Seht ihr wirklich nicht, was wir tun und warum wir aus der Reihe getanzt sind? Begreift ihr den Unterschied nicht zwischen einer stillen, privaten Verweigerung und einer organisierten, öffentlichen? (Und dass da kein Irrtum entsteht: Die private Verweigerung ist der einfachere Weg.) Ihr versteht es wirklich nicht? Lasst es mich ganz deutlich sagen.

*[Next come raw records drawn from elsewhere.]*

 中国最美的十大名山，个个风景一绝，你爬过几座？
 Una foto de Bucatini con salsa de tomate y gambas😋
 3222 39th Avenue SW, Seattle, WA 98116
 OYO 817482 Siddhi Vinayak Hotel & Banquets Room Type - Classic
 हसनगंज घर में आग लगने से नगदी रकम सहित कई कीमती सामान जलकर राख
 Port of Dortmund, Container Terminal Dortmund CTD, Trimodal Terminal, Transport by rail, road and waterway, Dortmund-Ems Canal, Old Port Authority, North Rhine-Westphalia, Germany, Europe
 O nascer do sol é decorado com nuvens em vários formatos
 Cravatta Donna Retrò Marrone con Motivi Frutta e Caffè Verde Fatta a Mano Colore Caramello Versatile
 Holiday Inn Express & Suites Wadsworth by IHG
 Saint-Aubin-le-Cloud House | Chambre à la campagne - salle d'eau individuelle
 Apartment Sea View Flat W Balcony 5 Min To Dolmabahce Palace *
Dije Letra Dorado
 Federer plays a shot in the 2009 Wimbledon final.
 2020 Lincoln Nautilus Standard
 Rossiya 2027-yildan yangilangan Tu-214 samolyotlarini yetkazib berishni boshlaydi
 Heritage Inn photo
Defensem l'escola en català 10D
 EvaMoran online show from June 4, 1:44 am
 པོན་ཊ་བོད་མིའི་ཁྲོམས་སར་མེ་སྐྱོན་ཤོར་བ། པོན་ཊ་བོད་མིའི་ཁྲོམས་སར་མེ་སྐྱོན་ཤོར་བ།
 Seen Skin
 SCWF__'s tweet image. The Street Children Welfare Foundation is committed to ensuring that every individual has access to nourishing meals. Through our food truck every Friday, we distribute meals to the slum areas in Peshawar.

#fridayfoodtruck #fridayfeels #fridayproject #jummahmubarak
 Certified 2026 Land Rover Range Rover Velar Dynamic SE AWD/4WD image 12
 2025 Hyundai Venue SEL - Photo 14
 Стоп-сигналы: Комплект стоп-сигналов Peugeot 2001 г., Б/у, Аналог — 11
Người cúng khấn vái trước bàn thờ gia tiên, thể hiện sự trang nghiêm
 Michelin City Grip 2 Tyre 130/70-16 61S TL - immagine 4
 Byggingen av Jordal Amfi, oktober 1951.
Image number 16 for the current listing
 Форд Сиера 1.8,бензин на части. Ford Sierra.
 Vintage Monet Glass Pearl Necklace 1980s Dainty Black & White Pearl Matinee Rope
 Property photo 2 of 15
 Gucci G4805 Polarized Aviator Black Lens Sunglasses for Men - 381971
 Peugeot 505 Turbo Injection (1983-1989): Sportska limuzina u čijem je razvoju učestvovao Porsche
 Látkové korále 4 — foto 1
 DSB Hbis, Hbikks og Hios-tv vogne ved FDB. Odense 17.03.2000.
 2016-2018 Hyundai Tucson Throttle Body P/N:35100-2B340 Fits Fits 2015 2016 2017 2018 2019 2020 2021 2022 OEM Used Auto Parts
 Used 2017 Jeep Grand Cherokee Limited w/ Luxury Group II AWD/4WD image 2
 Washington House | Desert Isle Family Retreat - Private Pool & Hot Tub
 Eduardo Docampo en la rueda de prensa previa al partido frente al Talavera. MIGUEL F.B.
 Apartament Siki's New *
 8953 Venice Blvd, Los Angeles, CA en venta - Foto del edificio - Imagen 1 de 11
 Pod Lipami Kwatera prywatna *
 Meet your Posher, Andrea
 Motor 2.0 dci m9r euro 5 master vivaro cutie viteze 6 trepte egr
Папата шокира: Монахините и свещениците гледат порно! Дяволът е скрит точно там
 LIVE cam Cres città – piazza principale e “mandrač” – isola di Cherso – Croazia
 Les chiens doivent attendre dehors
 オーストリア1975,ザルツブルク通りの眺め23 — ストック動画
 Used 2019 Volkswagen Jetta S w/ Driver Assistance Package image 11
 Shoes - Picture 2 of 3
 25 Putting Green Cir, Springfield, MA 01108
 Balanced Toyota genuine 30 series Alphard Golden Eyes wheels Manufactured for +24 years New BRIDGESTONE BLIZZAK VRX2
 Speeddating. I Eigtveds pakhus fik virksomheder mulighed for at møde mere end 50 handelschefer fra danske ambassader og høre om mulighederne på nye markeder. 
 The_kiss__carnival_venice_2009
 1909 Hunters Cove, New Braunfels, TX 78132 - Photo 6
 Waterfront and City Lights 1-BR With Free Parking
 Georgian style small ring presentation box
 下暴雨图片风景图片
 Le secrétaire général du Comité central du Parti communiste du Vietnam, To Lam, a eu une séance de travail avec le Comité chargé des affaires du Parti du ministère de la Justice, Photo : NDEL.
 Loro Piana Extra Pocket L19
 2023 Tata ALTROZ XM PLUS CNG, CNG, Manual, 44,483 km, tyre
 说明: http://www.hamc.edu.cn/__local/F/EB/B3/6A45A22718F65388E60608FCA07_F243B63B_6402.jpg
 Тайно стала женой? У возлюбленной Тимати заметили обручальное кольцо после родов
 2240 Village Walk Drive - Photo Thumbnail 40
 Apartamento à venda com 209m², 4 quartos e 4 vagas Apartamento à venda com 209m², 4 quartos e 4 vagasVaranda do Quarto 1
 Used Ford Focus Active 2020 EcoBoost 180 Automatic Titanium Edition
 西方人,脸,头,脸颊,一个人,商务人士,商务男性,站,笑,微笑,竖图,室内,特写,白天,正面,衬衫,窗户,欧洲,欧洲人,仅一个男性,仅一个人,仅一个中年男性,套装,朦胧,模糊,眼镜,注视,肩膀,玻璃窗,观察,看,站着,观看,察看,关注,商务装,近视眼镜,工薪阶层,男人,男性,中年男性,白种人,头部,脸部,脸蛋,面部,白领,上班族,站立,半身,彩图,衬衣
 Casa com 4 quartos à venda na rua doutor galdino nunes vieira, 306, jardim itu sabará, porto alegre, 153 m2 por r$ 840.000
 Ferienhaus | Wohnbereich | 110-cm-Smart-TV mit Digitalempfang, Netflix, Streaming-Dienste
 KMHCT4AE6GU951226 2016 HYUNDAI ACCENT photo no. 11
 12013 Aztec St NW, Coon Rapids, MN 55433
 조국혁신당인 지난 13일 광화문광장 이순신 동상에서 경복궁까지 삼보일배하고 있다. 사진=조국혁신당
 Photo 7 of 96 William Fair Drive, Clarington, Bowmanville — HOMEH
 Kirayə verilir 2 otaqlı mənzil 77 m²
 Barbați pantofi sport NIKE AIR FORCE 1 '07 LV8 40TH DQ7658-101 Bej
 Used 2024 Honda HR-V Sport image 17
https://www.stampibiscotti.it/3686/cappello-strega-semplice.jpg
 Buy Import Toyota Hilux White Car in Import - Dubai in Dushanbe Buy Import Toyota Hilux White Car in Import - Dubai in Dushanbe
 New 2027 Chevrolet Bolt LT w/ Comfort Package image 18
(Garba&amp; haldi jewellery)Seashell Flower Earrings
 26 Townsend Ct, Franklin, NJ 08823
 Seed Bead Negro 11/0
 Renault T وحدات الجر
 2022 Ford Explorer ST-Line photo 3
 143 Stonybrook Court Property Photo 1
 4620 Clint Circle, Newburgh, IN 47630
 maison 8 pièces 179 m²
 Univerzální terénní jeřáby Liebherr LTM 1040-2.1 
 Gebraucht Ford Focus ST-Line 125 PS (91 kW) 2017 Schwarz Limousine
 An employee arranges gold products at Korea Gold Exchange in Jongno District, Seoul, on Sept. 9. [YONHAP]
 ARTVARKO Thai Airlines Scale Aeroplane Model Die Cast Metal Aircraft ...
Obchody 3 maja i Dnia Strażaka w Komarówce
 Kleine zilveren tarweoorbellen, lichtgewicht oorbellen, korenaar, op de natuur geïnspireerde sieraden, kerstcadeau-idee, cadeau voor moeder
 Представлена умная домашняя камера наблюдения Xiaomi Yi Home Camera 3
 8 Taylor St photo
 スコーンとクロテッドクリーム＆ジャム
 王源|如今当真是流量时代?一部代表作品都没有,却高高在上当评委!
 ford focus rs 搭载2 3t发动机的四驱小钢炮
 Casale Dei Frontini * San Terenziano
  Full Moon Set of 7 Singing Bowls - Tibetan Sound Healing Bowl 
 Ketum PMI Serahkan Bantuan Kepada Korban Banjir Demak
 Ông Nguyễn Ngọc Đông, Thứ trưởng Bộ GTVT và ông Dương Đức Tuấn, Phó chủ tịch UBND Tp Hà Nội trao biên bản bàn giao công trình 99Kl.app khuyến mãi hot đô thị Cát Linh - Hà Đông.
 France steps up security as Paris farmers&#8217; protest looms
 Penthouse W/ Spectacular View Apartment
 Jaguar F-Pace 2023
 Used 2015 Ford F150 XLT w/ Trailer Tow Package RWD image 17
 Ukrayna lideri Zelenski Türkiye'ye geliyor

Erstens erklären wir, dass wir uns dem ersten Wertesystem verpflichtet fühlen, demjenigen, das schwer greifbar, abstrakt und wenig gewinnbringend ist. Wir glauben an den moralischen Code, den man gewöhnlich Gott nennt (und meine atheistischen Freunde, die diesen Brief unterschrieben haben, müssen mir da verzeihen - wir glauben alle an Gott, den wirklichen, nicht den der Rabbiner und Ayatollahs). Wir glauben, dass ein Stammescodex keinen Platz hat, dass er einfach nur einen Götzendienst tarnen soll, und zwar einen, mit dem man nichts zu tun haben sollten. Wer solchem Götzendienst zur Macht verhilft, wird am Ende selbst zum Brandopfer.

Zweitens ist es ein Versuch, für den wir uns (zusammen mit anderen Gruppen, die noch mehr verachtet und schikaniert werden als wir) mit unserer konkreten, leiblichen Existenz einsetzen, den nächsten Krieg zu verhindern. Den unnötigsten, idiotischsten, brutalsten und unmoralischsten Krieg in der Geschichte Israels.

Wir sind der junge Chinese, der sich dem Panzer in den Weg gestellt hat. Und du? Wenn du nirgends zu sehen bist, sitzt du vermutlich selbst im Panzer und weist den Fahrer an.